Data for analysis:
┌────────

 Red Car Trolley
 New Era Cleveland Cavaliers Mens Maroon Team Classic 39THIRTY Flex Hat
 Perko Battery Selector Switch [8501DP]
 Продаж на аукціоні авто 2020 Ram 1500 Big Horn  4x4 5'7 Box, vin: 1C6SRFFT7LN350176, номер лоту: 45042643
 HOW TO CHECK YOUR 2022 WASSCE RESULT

└────────
┌────────

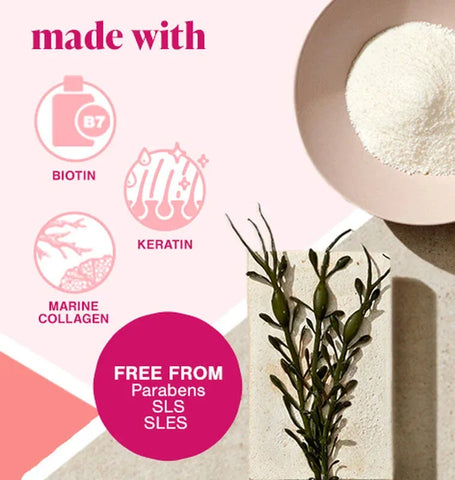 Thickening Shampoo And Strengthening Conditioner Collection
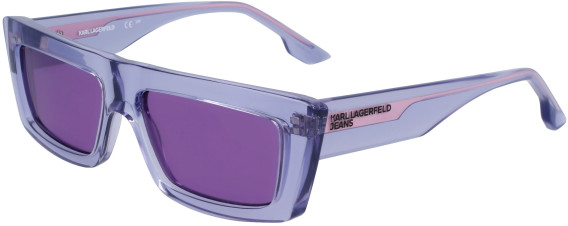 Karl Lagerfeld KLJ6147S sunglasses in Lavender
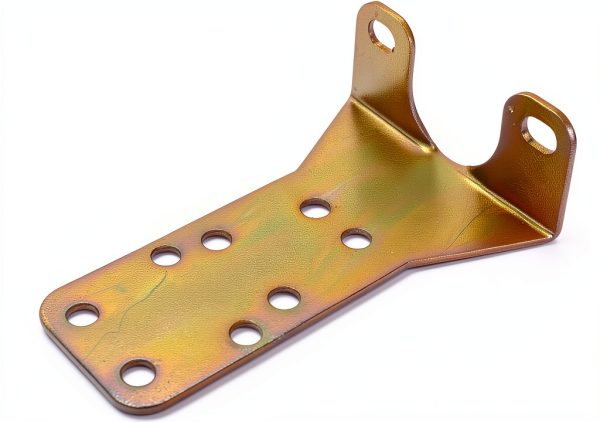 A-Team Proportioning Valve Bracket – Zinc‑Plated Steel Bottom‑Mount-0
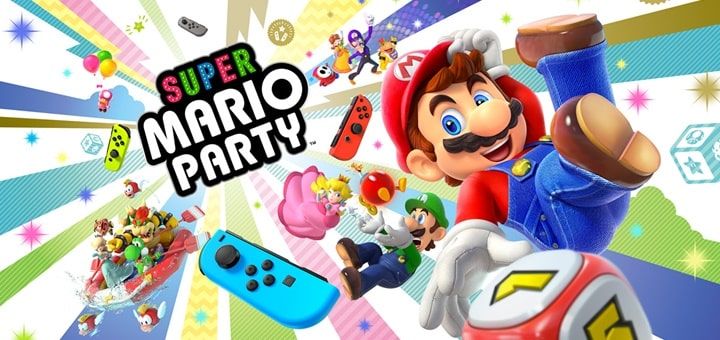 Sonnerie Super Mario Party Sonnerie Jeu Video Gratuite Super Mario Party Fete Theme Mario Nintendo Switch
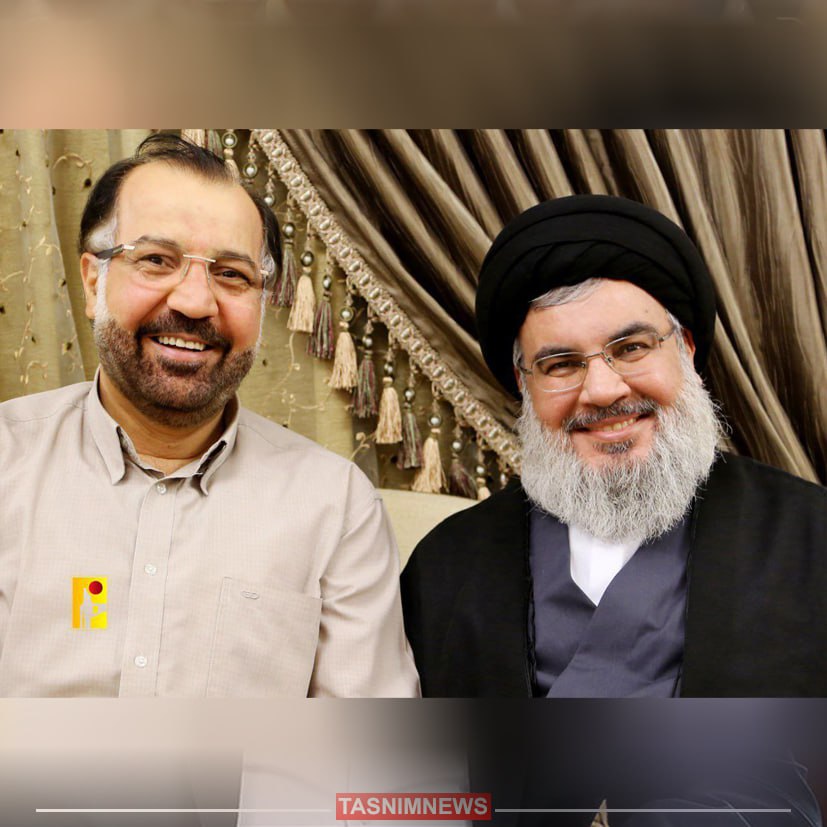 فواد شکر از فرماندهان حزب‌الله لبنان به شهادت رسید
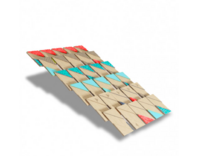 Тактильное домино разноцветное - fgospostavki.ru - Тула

└────────
┌────────

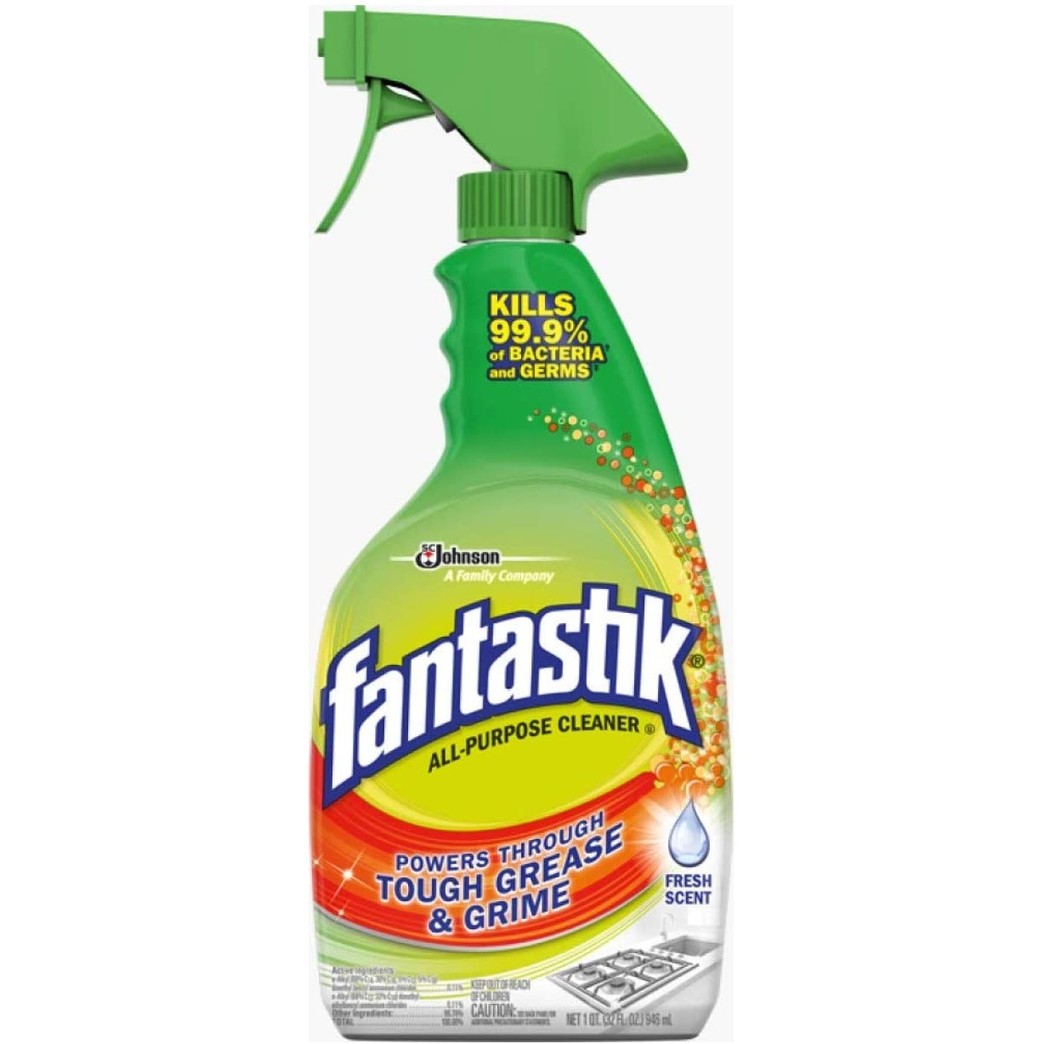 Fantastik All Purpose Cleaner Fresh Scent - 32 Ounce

└────────

Task: What you give back must be the stretch above, starting at the line with "Red Car Trolley" and ending at the line with "HOW TO CHECK YOUR 2022 WASSCE RESULT", copied exactly.

Solution to the problem:
 Red Car Trolley
 New Era Cleveland Cavaliers Mens Maroon Team Classic 39THIRTY Flex Hat
 Perko Battery Selector Switch [8501DP]
 Продаж на аукціоні авто 2020 Ram 1500 Big Horn  4x4 5'7 Box, vin: 1C6SRFFT7LN350176, номер лоту: 45042643
 HOW TO CHECK YOUR 2022 WASSCE RESULT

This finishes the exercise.